Appeals courts addressing such student expression “appear to have converged on the shared understanding … that school officials may bar passive and silently expressed messages by students at school that target no specific student if: (1) the expression is reasonably interpreted to demean one of those characteristics of personal identity, … and (2) the demeaning message is reasonably forecasted to poison the educational atmosphere due to its serious negative psychological impact on students,” Judge David J. Barron wrote for the 1st Circuit panel.
The panel disagreed with Morrison’s argument that his shirt was akin to the black armbands in Tinker or the “Be Happy, Not Gay” shirt upheld by the 7th Circuit.
School administrators were not unreasonable in concluding that Morrison’s shirt “would be understood—in this middle school setting in which the children range from 10-to-14 years old—to demean the identity of transgender and gender-nonconforming NMS students,” Barron said.
Student’s lawyers are considering all legal options
David Cortman, senior counsel and vice president of Alliance Defending Freedom, said the organization was considering all its legal options, including whether to appeal the 1st Circuit ruling.
“Students don’t lose their free speech rights the moment they walk into a school building,” Cortman said in a statement. “This case isn’t about T-shirts; it’s about a public school telling a middle-schooler that he isn’t allowed to express a view that differs from their own.”
Bob Corn-Revere, the chief counsel of the Foundation for Individual Rights and Expression, which filed a friend-of-the-court brief in support of the student, said the 1st Circuit “got the decision wrong.”
He said Morrison’s shirt involved “the passive expression of an idea that some people may dislike or find uncomfortable,” but the appellate ruling restricts student speech rights by “expanding what it means to be targeted or bullied.”

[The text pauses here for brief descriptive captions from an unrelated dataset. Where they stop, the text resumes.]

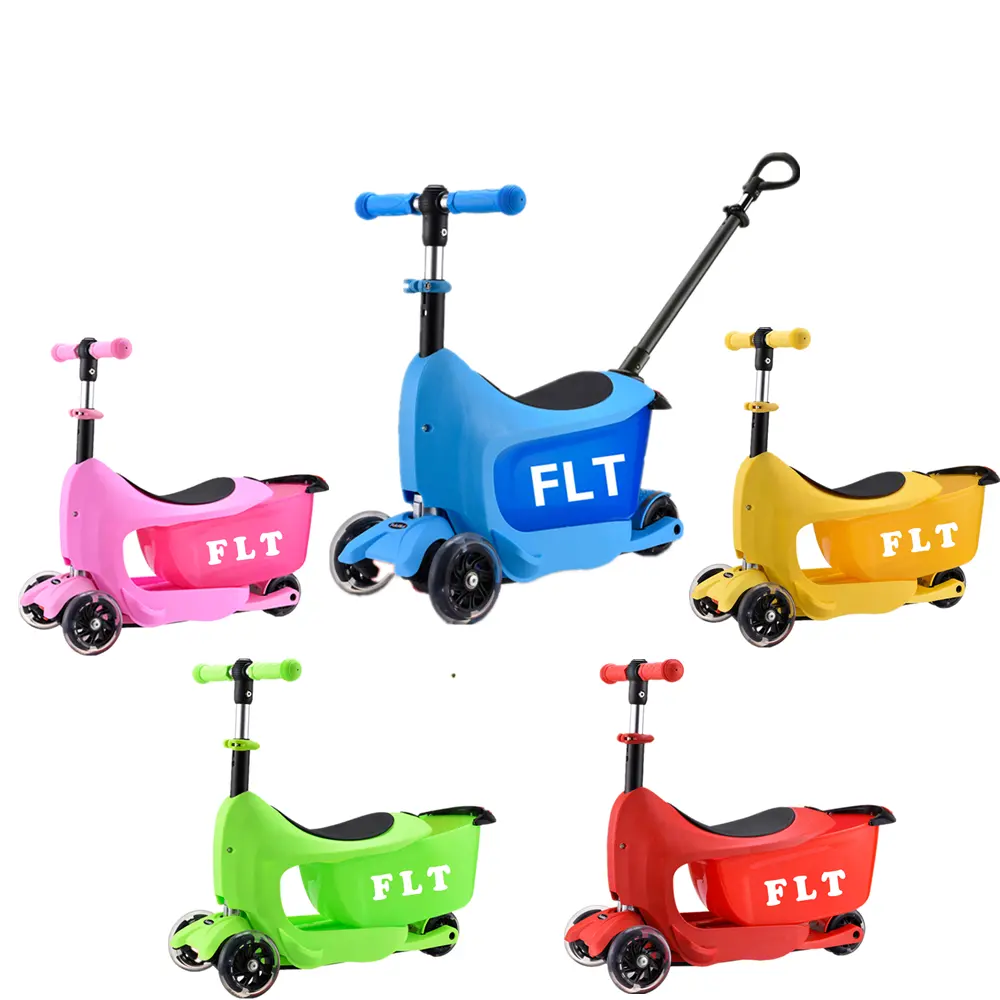 LED light wheels children's games kick scooter with suitcase for kids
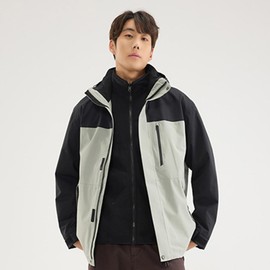 OHGOLF Women Men Rain Jacket Windproof Waterproof Outdoor Jacket Shell Hooded Raincoat Interchange Jacket SNC5T469T Green&Black 2XL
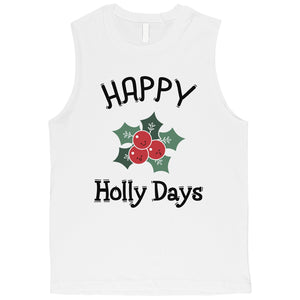 Happy Holly Days Mens Muscle Top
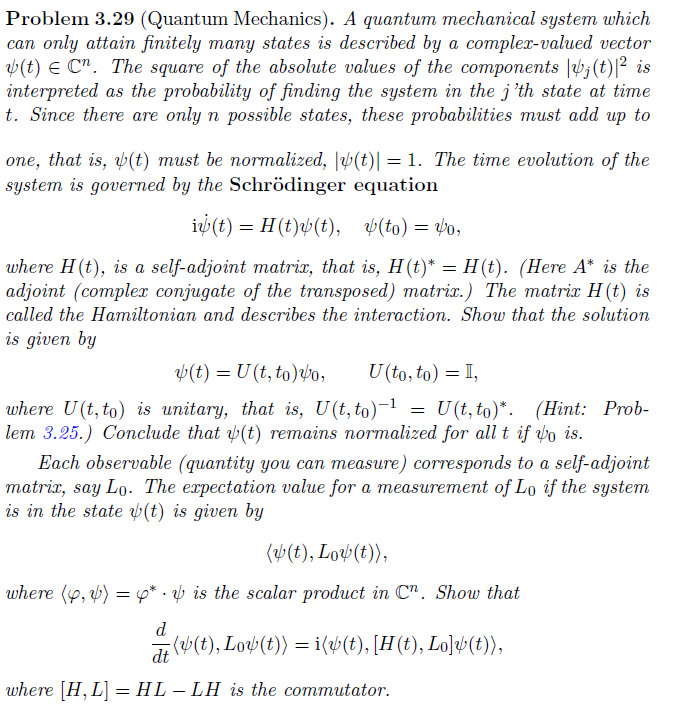 Adv Diff Equations Problem 3.29 (Quantum Mechanics).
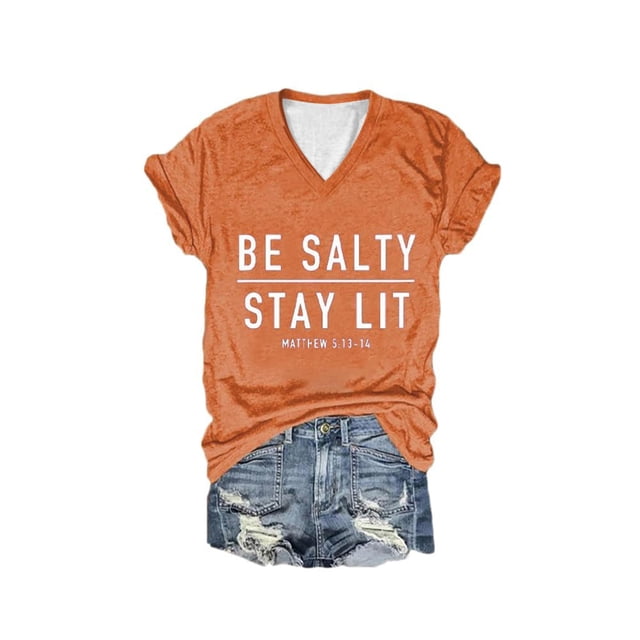 Camiseta informal de manga corta con estampado y cuello en V para mujer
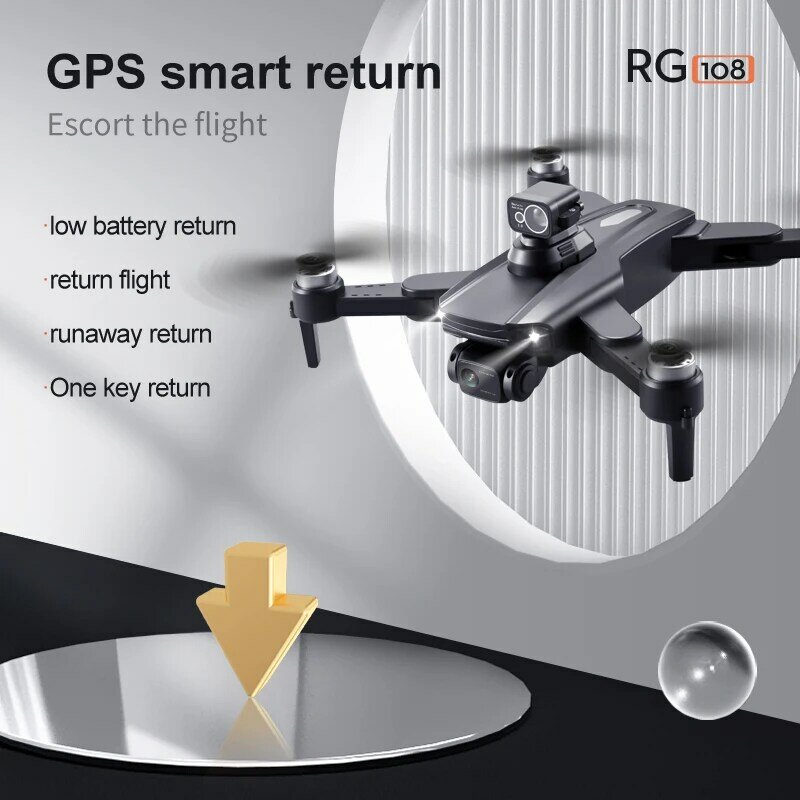 RG108 نظام تحديد المواقع بدون طيار 8K عالية الوضوح كاميرا مزدوجة التصوير الجوي فرش السيارات للطي تجنب عقبة أربعة محاور الطائرات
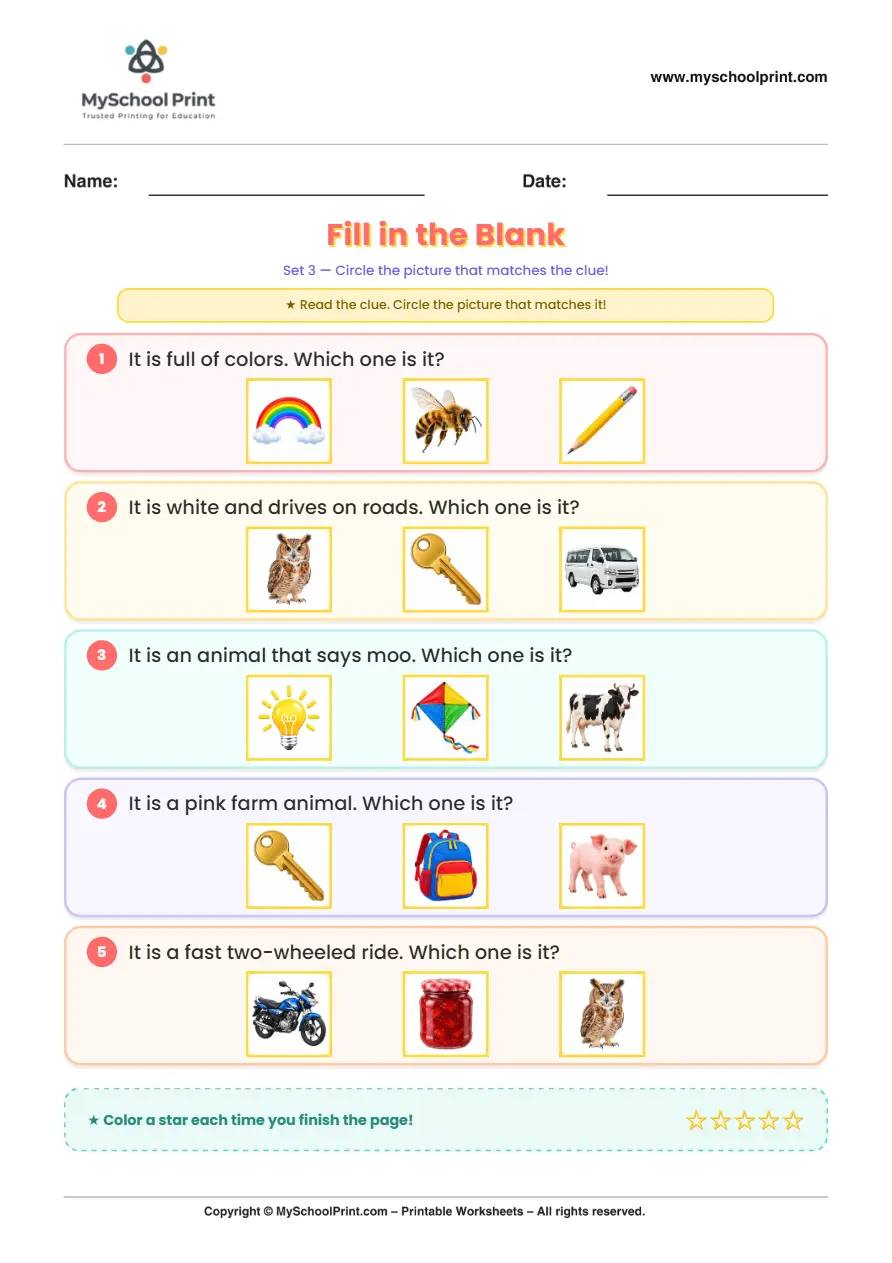 Simple English Reading Worksheet 134 for Kindergarten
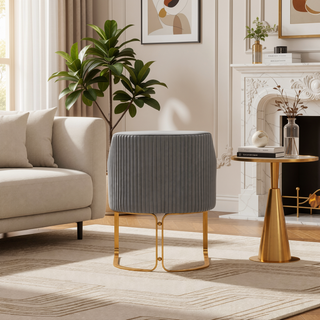 Sunvega Modern Taupe Dining Chair with Gold Legs and Leatherette Upholstery for Dining Room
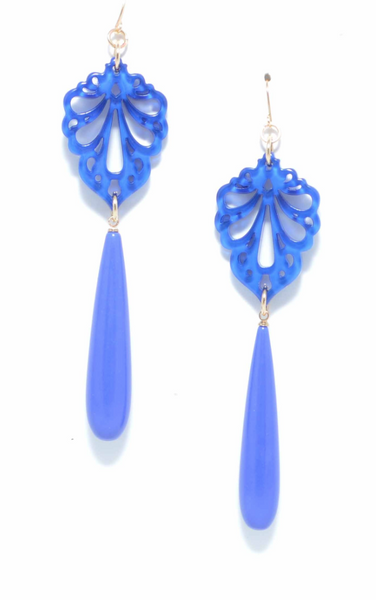 earrings - Pushing Petals Earrings - Girl Intuitive - Zenzii - Blue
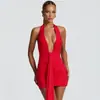 Comercio Exterior Ropa Europea y Americana para Mujer Primavera y Verano Nueva Moda Estampado de Leopardo Cuello en V Profundo Espalda Descubierta Cuello Halter Sexy Ajustado al Cuerpo Vestido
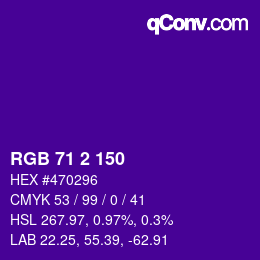 カラーコード: RGB 71 2 150 | qconv.com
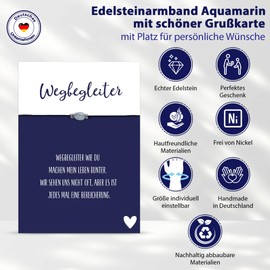 Glücksschmiedin - Gemstone Bracelet Healing Stone with Gold Beads Locally Handmade, Gemstone, Aquamarine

Gary D. Buseck, a lawyer with GLBTQ Legal Advocates & Defenders, a Boston-based advocacy group that filed a friend-of-the-court brief in support of the school district, said the decision could be influential nationally.
“A shirt like this may not be inappropriate for adults to wear out in the world but may cross a line to wear before a captive audience of students who might have to sit and look at this shirt that demeans them,” he said. “In this case, a T-shirt that basically says trans and non-binary kids do not exist is too much. It just crosses a line.”